In short, if you get 1.#INF or inf, look for overflow or division by zero. If you get 1.#IND or nan, look for illegal operations. Maybe you simply have a bug. If it's more subtle and you have something that is difficult to compute, see Avoiding Overflow, Underflow, and Loss of Precision. That article gives tricks for computing results that have intermediate steps overflow if computed directly.
For anyone wondering about the difference between -1.#IND00 and -1.#IND (which the question specifically asked, and none of the answers address):
-1.#IND00
This specifically means a non-zero number divided by zero, e.g. 3.14 / 0 (source)
-1.#IND (a synonym for NaN)
This means one of four things (see wiki from source):
1) sqrt or log of a negative number
2) operations where both variables are 0 or infinity, e.g. 0 / 0
3) operations where at least one variable is already NaN, e.g. NaN * 5
4) out of range trig, e.g. arcsin(2)
Your question "what are they" is already answered above.

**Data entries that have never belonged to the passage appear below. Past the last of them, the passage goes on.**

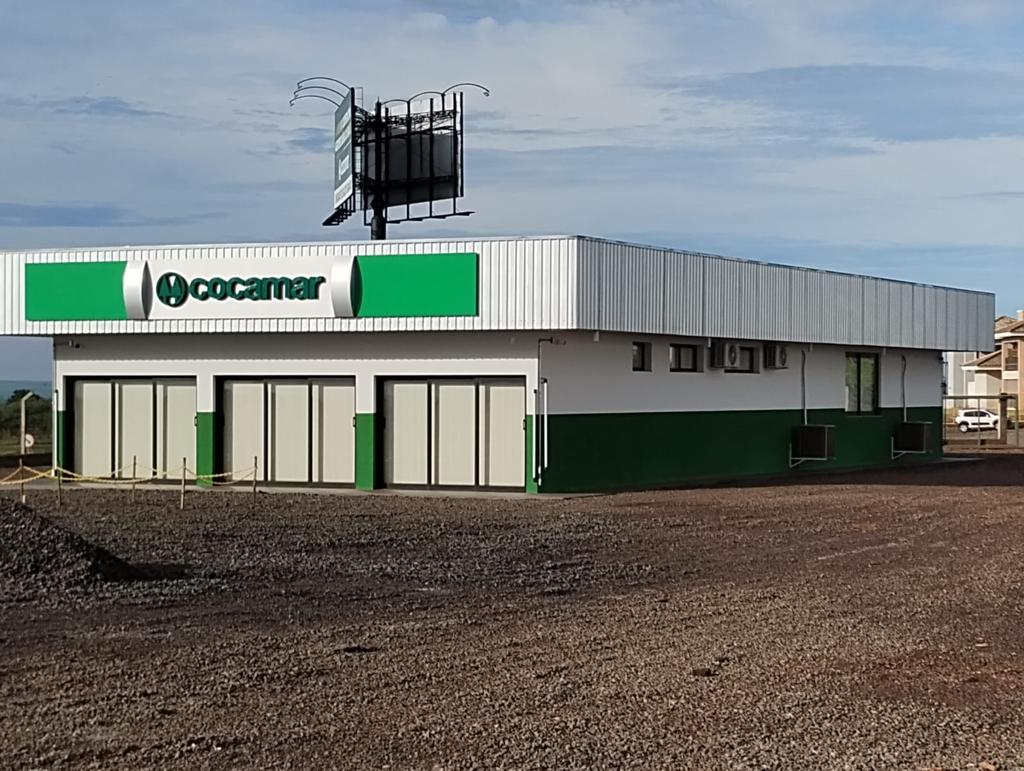Cocamar inaugura loja em S. Grande na 5ª feira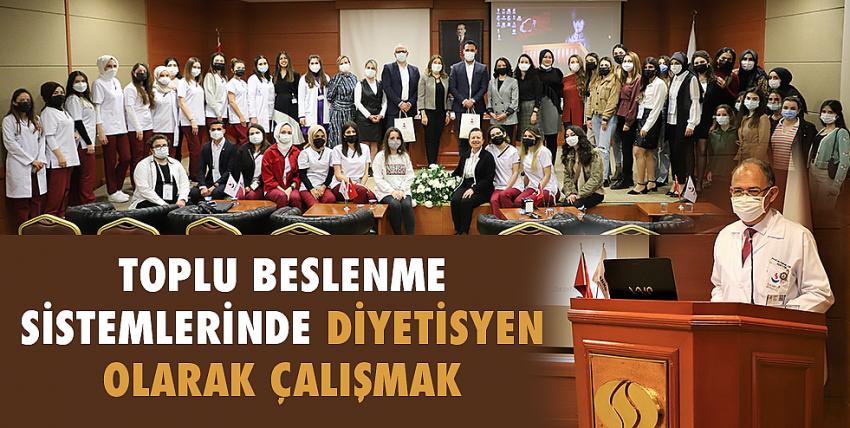 Toplu Beslenme Sistemlerinde Diyetisyen Olarak Çalışmak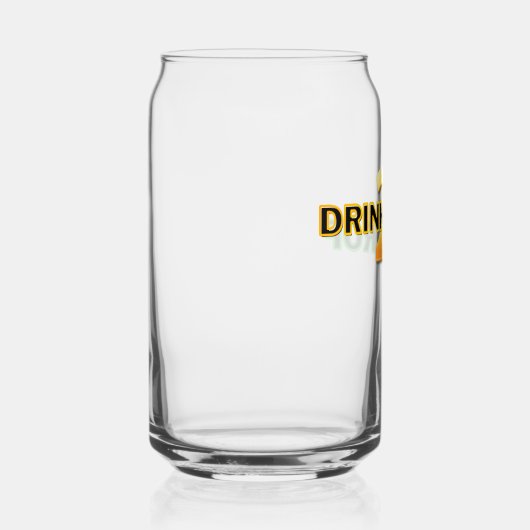 Drinkware Set Blikvorm Glas (Rechts)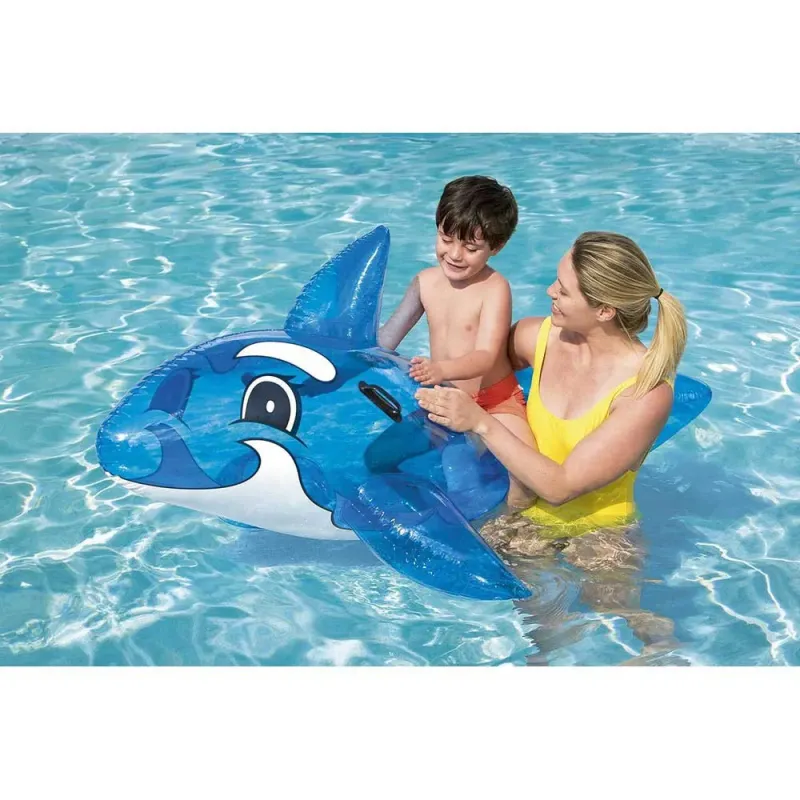 BESTWAY Water Toys Inflatable 157x94 Centimeters Unisex Blue-4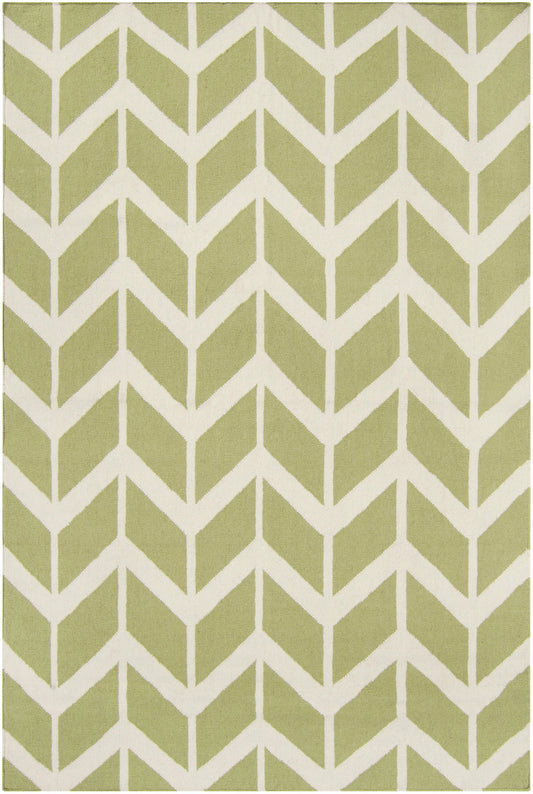 Surya Fallon Fal-1052 Light Olive Rug 5' X 8'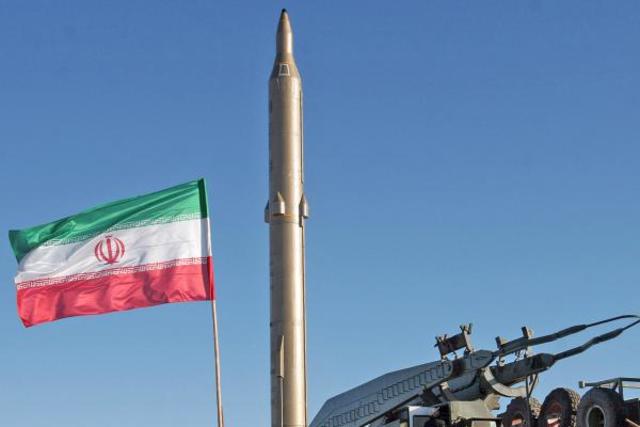 Iran Test the Missiles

As far as debugging (your second question) though, and in developing libraries where you want to check for special input values, you may find the following functions useful in Windows C++:
_isnan(), _isfinite(), and _fpclass()
On Linux/Unix you should find isnan(), isfinite(), isnormal(), isinf(), fpclassify() useful (and you may need to link with libm by using the compiler flag -lm).
For those of you in a .NET environment the following can be a handy way to filter non-numbers out (this example is in VB.NET, but it's probably similar in C#):
If Double.IsNaN(MyVariableName) Then
MyVariableName = 0 ' Or whatever you want to do here to "correct" the situation
End If
If you try to use a variable that has a NaN value you will get the following error:
Value was either too large or too small for a Decimal.